→ Work item:
The output should match, line for line, the records from the line containing "Villa de Lujo" through the line containing "دو عدد پتو|رختخواب،", with every picture left out.

→ Stored data:
_ _ _ _ _
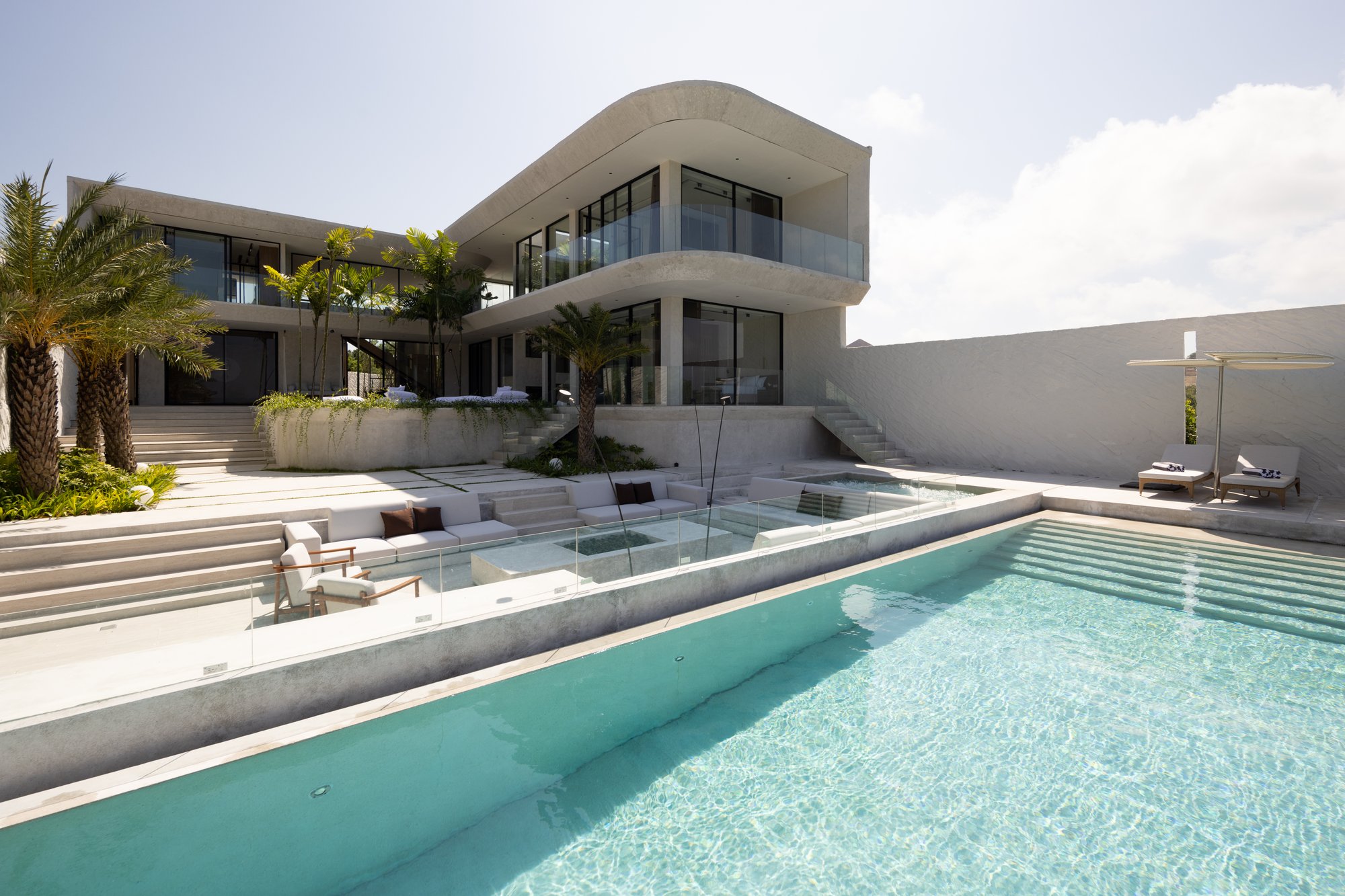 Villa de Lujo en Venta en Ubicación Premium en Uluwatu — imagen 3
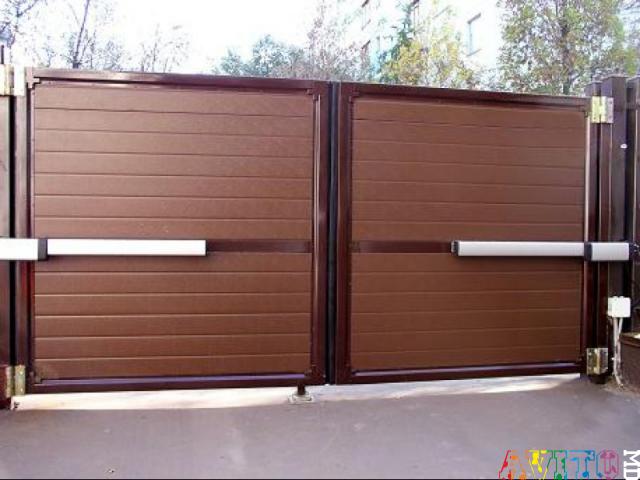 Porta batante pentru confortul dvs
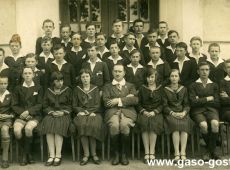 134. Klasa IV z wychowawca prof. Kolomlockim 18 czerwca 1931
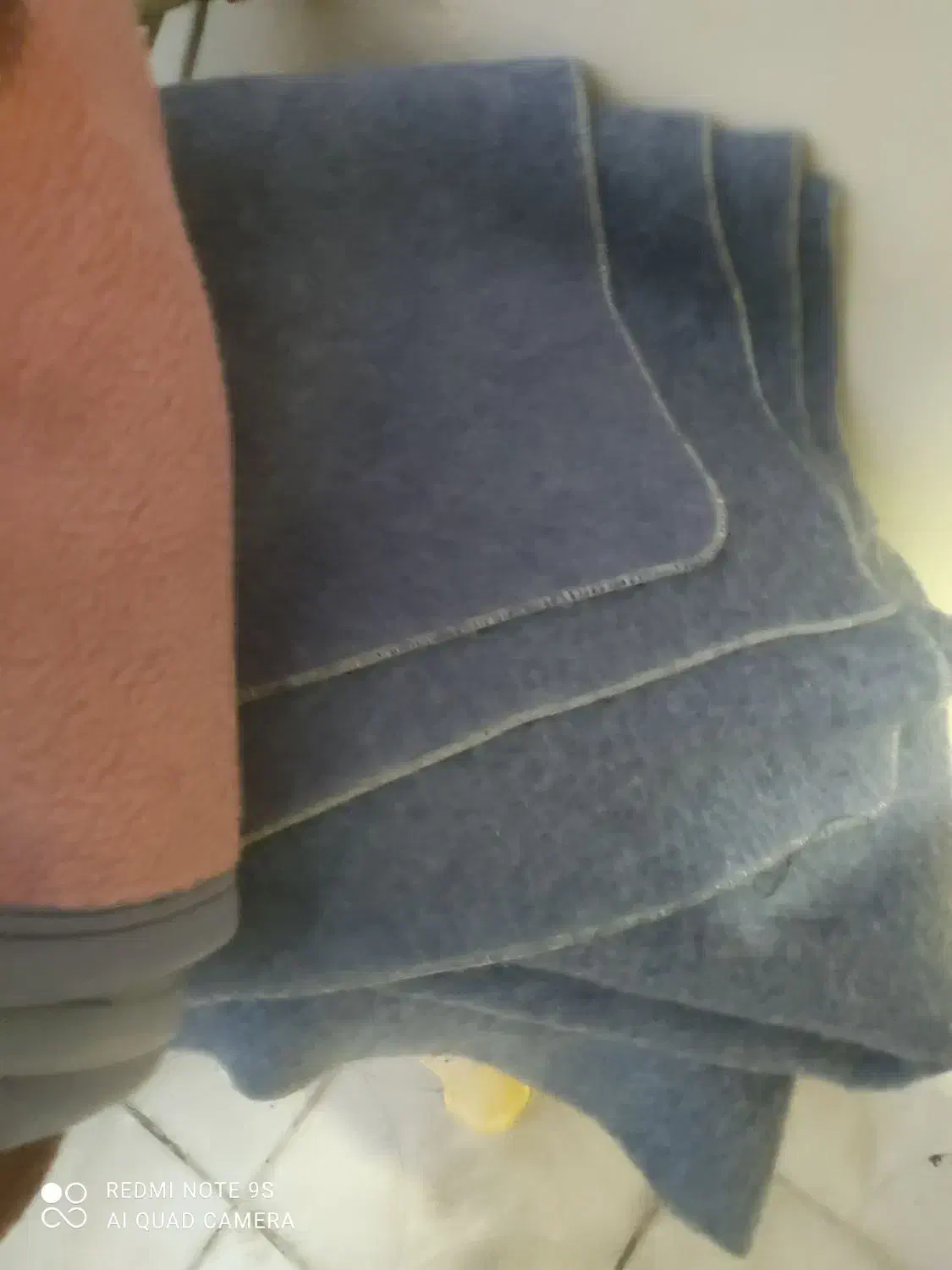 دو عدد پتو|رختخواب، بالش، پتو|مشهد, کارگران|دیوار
_ _ _ _ _
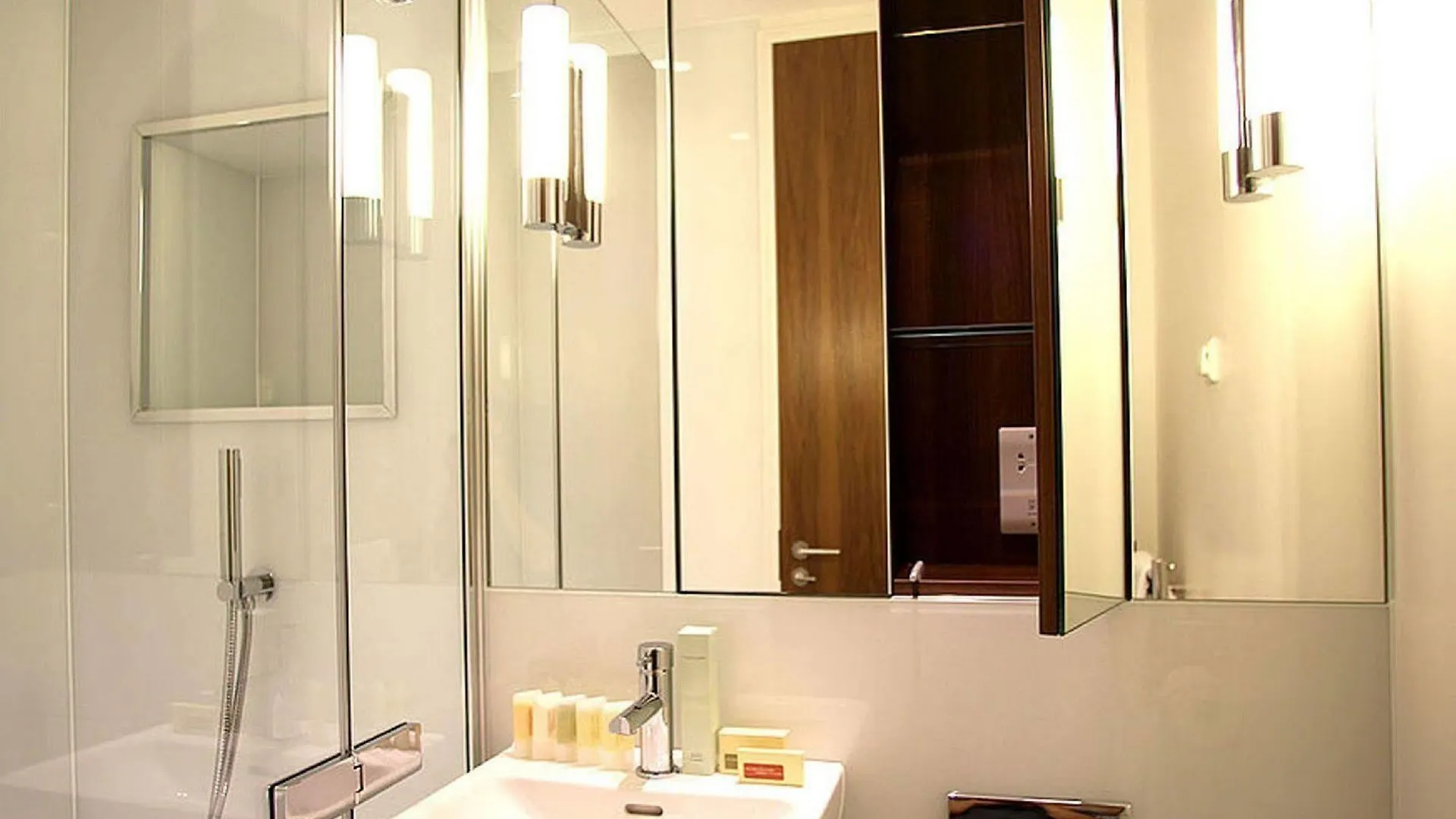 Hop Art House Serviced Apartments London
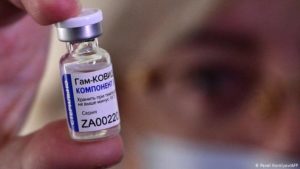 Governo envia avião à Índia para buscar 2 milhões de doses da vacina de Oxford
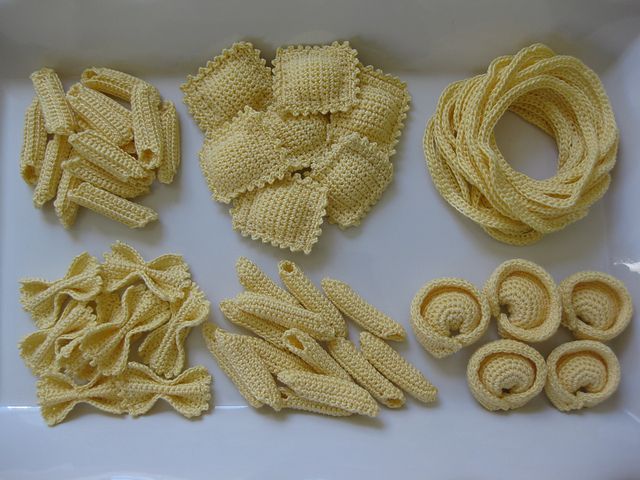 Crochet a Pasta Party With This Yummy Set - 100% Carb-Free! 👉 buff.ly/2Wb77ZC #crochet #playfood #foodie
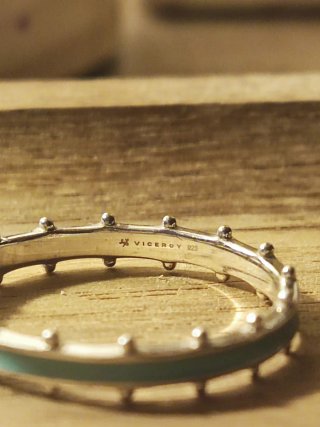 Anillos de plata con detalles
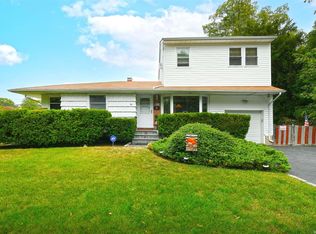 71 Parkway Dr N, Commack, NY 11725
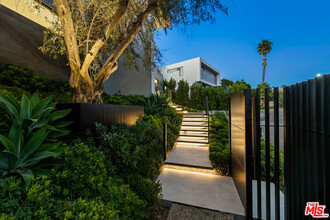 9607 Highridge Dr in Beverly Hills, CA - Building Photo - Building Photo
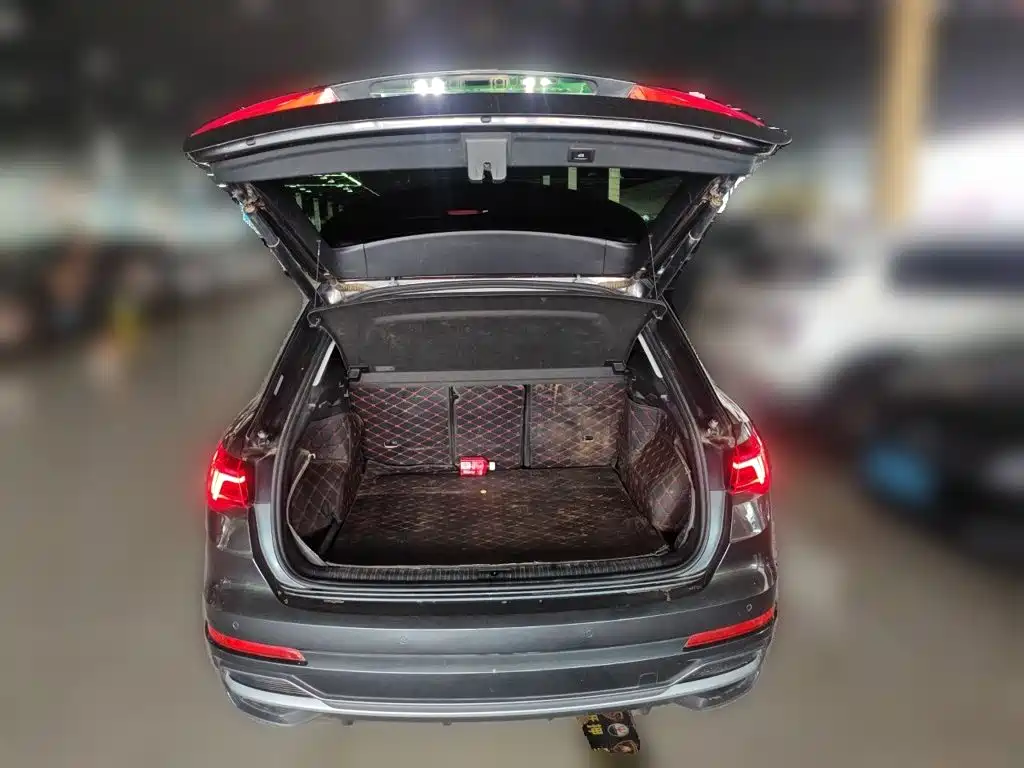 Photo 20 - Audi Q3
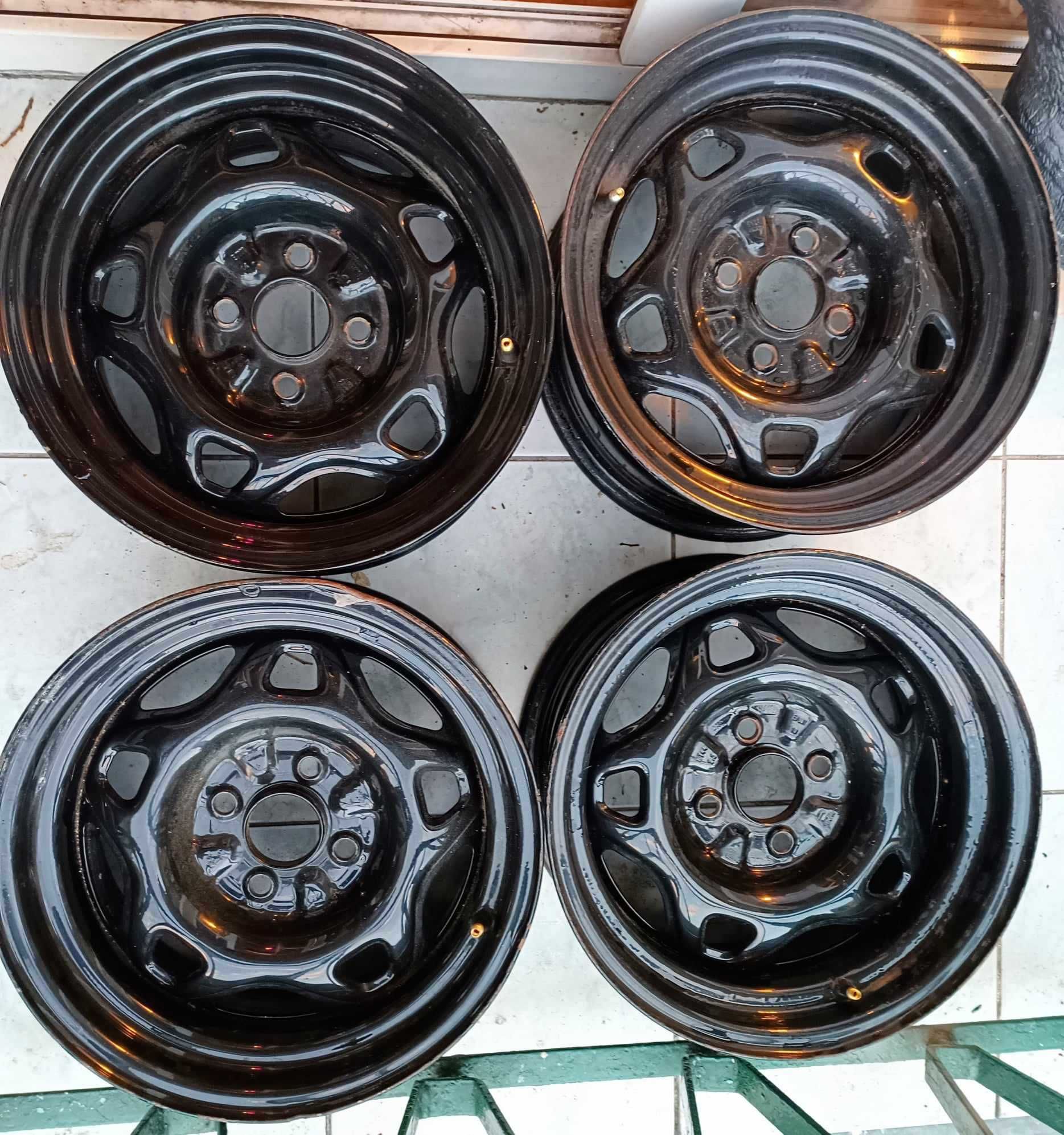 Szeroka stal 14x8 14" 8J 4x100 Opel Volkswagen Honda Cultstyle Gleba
_ _ _ _ _
→ Task response:
 Villa de Lujo en Venta en Ubicación Premium en Uluwatu — imagen 3
 Porta batante pentru confortul dvs
 134. Klasa IV z wychowawca prof. Kolomlockim 18 czerwca 1931
 دو عدد پتو|رختخواب، بالش، پتو|مشهد, کارگران|دیوار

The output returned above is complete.